Einde inhoudsopgave
Wet op het primair onderwijs
Artikel 140 Opheffingsnorm
Geldend
Geldend vanaf 01-04-2022
- Redactionele toelichting
Voorheen art. 154.
- Bronpublicatie:
25-02-2021, Stb. 2021, 171 (uitgifte: 07-04-2021, kamerstukken: 35605)
- Inwerkingtreding
01-04-2022
- Bronpublicatie inwerkingtreding:
08-03-2022, Stb. 2022, 114 (uitgifte: 16-03-2022, kamerstukken/regelingnummer: -)
- Vakgebied(en)
Onderwijsrecht / Primair onderwijs
Voor iedere gemeente wordt, op basis van de leerlingdichtheid in die gemeente, een opheffingsnorm vastgesteld aan de hand van de formule:
Opheffingsnorm = 0,6 × (leerlingdichtheid : (0,15 + 0,0027 × leerlingdichtheid))

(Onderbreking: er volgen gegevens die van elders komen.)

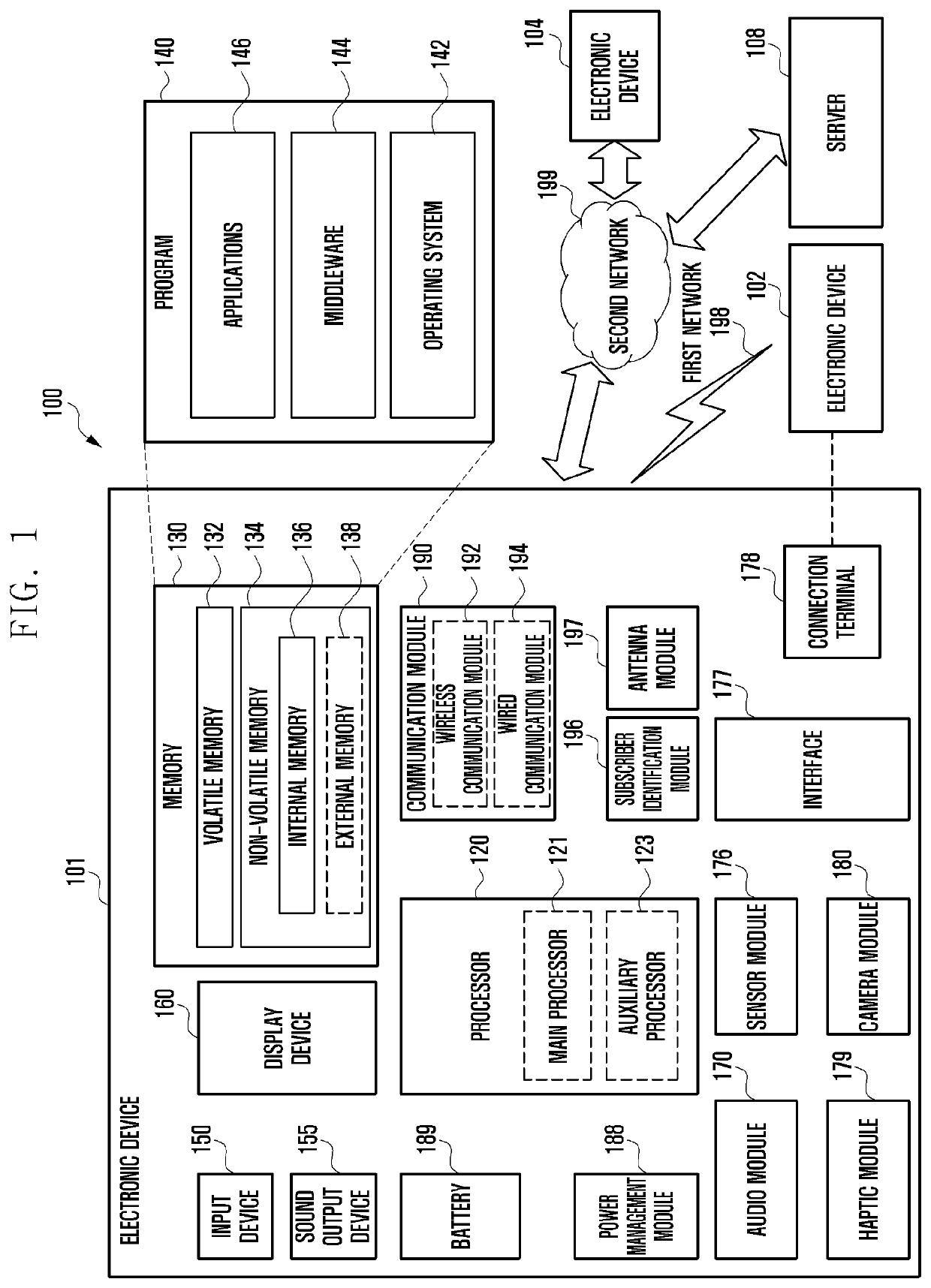 Method and device for increasing network data speed in electronic device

De uitkomst van de berekening wordt afgerond, waarbij de decimalen worden verwaarloosd indien het eerste cijfer achter de komma kleiner is dan 5 en waarbij de decimalen worden verwaarloosd en het getal verhoogd met 1 indien het eerste cijfer achter de komma gelijk is aan of groter is dan 5. De opheffingsnorm bedraagt minimaal 23 en maximaal 200. De leerlingdichtheid is de uitkomst van het aantal inwoners van 4 tot en met 11 jaar in die gemeente gedeeld door het aantal km2 grondoppervlakte van die gemeente. Indien het aantal km2 van de gemeente minder bedraagt dan 10 km2, wordt voor de berekening van de leerlingdichtheid uitgegaan van 10 km2. De leerlingdichtheid bedraagt maximaal 500.